Thankfully, Plant doesn’t lay on the politics too thick with the majority of the album firmly conceptually ensconced in his mature love man/spiritual guru mode. On the title track he sings, “I carry fire for you/ Here in my naked hands/ I bare my heart to you,” words that can be construed to be sung to either a lover or mystical guide over Arabic guitar chords and belly-dance worthy, hookah smoking chords. Still, there is no doubt he’s talking to a soon to be ex-lover on the slinky “Dance with You Tonight,” when he moans, “Come, come, come on and dance with me baby, make me feel alright,” atop a slow propulsive beat that exudes sex.
Musically, this carves up and rejiggers the blues, or perhaps the more subtle blues tinges, of his old band with the hypnotic Moroccan, Middle Eastern and occasional African themes interwoven and overlapped in songs that seldom go in any single direction.

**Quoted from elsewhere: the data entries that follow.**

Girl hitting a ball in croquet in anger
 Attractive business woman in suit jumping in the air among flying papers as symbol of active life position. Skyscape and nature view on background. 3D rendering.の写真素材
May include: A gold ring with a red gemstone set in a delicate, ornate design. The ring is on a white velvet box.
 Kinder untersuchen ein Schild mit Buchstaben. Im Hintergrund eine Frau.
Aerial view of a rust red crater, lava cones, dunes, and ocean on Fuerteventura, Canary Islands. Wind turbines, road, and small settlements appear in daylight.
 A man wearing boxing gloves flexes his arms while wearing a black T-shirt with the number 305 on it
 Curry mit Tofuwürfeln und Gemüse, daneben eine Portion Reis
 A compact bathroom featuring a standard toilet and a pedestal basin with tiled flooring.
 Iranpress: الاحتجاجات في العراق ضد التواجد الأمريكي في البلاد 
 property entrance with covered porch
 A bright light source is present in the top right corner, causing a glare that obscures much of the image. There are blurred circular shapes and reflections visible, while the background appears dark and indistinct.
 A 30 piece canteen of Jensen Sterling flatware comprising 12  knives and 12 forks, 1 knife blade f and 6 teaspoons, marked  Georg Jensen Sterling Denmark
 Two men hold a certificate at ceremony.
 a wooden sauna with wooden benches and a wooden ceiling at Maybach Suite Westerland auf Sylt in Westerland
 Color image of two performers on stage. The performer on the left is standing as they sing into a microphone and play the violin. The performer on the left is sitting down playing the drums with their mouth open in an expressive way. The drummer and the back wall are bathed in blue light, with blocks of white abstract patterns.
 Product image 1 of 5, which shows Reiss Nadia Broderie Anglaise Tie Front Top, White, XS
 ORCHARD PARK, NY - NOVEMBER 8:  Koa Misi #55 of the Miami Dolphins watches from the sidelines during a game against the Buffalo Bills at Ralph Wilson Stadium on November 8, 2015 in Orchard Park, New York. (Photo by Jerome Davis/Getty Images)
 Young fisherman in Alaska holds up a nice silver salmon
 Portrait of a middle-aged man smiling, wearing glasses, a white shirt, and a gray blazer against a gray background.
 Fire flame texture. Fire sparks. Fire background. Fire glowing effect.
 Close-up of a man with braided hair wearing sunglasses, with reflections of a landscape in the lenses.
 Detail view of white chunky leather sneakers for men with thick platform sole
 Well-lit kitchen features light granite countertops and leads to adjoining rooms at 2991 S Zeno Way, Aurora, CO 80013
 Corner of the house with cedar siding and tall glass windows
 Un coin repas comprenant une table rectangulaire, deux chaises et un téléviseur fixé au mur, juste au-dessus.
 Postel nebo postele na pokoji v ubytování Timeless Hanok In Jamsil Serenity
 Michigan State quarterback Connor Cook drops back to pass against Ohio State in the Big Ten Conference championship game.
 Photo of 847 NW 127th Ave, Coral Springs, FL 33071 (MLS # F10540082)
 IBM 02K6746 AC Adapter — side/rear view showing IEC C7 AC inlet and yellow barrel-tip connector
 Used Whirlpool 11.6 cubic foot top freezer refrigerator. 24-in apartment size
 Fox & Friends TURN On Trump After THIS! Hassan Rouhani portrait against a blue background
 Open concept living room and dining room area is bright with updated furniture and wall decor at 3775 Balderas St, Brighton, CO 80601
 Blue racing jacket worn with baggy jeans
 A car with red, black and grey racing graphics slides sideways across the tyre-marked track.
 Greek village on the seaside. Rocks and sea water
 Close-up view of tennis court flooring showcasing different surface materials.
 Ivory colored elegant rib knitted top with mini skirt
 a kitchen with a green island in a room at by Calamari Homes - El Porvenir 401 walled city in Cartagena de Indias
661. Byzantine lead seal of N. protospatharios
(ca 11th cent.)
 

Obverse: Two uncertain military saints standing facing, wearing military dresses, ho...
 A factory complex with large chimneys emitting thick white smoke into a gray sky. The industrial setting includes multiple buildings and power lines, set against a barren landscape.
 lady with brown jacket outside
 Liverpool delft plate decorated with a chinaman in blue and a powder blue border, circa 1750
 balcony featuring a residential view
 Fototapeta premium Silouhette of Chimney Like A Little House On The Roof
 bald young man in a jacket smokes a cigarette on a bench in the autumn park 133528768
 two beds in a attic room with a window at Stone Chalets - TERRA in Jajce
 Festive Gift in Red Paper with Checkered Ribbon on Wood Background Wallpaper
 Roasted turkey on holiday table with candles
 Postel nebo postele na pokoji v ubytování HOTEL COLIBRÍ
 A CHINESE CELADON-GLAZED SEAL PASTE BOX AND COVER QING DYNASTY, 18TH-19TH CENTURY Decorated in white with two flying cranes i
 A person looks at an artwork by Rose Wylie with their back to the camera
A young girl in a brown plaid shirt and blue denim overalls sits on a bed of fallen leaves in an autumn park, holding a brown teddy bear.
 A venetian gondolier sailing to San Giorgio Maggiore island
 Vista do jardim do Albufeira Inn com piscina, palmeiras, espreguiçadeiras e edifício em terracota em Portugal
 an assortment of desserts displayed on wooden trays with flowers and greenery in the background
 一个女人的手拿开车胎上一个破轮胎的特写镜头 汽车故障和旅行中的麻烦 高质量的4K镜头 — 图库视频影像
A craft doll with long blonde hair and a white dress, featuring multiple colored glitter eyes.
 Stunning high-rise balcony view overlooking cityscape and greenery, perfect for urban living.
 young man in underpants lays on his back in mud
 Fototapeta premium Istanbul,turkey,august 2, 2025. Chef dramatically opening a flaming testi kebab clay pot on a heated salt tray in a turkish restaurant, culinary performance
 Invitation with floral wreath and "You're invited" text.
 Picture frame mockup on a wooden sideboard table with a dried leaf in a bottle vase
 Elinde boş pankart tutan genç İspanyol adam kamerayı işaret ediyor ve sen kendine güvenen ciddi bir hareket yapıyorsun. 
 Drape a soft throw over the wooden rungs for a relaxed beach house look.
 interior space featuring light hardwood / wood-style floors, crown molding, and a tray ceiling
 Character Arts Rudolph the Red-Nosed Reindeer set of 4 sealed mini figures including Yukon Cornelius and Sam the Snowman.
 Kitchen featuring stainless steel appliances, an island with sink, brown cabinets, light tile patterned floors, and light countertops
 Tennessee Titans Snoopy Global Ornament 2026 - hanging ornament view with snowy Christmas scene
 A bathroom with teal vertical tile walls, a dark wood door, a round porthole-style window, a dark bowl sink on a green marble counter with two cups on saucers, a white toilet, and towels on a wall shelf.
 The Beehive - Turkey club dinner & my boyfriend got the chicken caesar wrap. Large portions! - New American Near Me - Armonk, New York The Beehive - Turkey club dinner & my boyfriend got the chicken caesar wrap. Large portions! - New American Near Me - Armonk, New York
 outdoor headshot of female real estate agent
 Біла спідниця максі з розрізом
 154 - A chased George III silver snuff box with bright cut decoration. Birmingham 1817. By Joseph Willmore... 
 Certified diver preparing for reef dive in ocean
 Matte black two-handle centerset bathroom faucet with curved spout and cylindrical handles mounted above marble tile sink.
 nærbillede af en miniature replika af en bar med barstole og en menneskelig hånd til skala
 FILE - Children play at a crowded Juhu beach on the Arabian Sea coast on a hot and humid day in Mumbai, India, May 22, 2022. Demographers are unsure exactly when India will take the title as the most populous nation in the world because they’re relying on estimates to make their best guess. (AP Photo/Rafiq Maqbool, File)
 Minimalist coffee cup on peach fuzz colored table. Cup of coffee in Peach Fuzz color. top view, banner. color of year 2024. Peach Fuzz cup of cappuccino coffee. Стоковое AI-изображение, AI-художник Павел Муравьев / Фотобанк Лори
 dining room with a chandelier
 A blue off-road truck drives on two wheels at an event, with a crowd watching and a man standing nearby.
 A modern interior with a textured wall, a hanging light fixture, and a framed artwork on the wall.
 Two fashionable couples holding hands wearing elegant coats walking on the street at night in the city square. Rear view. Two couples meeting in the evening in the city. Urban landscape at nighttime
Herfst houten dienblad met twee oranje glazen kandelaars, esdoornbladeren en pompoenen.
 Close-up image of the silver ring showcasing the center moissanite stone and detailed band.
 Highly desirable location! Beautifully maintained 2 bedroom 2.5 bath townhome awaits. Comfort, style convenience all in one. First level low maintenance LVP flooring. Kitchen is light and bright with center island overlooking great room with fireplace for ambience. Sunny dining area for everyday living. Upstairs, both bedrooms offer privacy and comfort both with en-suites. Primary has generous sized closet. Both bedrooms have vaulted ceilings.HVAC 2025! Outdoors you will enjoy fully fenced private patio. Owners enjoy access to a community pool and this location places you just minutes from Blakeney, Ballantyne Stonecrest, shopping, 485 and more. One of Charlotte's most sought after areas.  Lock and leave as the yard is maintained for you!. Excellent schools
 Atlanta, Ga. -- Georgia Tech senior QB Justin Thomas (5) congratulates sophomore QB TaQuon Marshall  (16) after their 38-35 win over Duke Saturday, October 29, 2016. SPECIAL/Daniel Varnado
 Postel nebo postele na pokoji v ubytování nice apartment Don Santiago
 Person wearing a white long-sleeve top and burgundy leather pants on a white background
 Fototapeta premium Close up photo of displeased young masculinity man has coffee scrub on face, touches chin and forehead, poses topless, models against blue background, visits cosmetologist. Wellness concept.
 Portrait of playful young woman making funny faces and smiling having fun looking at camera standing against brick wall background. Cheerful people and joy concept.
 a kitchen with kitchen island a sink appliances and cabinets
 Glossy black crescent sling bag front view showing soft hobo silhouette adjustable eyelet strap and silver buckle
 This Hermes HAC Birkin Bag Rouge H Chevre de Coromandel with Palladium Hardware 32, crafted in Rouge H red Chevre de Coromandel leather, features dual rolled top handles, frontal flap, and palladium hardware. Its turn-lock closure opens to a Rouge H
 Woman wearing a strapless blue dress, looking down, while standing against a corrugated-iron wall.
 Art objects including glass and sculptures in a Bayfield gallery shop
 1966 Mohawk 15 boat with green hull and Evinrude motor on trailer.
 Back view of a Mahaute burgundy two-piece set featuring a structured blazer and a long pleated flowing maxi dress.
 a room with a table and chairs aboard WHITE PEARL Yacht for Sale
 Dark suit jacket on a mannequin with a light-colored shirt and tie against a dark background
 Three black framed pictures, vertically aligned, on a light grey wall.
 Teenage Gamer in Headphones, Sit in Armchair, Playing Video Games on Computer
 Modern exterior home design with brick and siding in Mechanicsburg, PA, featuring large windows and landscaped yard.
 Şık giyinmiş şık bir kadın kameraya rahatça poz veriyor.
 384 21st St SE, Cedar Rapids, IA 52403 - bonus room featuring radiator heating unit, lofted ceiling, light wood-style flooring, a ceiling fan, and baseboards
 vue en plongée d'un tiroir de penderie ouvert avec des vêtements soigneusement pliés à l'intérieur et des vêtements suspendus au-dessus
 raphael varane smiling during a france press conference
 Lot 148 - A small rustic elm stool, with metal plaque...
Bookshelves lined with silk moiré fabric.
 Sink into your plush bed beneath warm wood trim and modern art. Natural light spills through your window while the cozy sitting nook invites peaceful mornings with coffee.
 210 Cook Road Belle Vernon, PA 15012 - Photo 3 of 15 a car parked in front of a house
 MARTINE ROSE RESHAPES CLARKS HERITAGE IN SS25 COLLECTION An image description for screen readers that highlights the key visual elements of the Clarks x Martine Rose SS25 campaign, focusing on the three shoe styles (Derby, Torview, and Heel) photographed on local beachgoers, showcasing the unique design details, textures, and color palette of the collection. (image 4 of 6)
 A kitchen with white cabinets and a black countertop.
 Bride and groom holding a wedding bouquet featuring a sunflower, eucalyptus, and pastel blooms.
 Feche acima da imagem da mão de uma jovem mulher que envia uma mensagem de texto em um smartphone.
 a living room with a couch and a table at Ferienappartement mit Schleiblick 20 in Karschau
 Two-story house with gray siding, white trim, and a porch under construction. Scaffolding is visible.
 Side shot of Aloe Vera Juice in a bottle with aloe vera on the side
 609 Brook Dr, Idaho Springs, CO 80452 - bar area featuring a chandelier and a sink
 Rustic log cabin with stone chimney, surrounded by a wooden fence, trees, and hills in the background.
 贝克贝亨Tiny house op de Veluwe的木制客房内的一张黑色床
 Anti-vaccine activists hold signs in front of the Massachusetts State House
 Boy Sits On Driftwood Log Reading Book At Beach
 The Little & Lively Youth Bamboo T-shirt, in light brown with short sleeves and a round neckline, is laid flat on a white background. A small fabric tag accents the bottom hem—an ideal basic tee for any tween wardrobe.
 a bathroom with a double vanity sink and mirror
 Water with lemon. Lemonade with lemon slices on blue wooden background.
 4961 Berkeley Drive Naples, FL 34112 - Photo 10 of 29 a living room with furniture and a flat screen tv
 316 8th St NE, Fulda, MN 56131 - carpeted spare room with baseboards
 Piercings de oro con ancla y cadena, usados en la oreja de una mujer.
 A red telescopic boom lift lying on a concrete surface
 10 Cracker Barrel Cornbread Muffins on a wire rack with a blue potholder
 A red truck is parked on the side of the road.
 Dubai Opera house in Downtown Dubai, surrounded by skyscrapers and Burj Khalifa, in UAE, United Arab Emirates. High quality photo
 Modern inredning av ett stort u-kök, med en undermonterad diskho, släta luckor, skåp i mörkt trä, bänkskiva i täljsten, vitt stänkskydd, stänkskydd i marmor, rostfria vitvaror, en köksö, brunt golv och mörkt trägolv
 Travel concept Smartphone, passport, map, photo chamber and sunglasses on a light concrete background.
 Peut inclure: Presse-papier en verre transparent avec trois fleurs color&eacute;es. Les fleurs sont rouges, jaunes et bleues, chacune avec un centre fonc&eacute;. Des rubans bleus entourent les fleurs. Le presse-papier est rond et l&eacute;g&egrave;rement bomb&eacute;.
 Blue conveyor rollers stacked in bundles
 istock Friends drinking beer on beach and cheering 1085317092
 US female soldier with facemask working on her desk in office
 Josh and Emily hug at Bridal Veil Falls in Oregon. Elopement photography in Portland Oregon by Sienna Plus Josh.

Plant’s in terrific voice, losing some of his trademarked high end howl but replacing it with a mid-range tremble that’s just as stirring. The wail towards the end of “Bones of Saints,” however, recalls previous vocal triumphs of his old band. The disc’s most interesting diversion is the frisky electronic drone propelling “Keep it Hid” that’s punctuated by a bluesy guitar solo with spine tingling results.
Few would have predicted after Zeppelin’s demise that Plant could be churning out a consistent stream of creative, inspired, genre-bending music well into the millennium, while ex-partner Jimmy Page would still be crafting a follow-up to his lone 1988 solo release, seemingly content to remaster Zeppelin’s catalog. Plant continues down his remarkably innovative path on the combustible Carry Fire, further expanding an already eclectic, forward-thinking solo career and creating an artistic, often edgy persona largely removed from past glories many younger fans may not even be familiar with.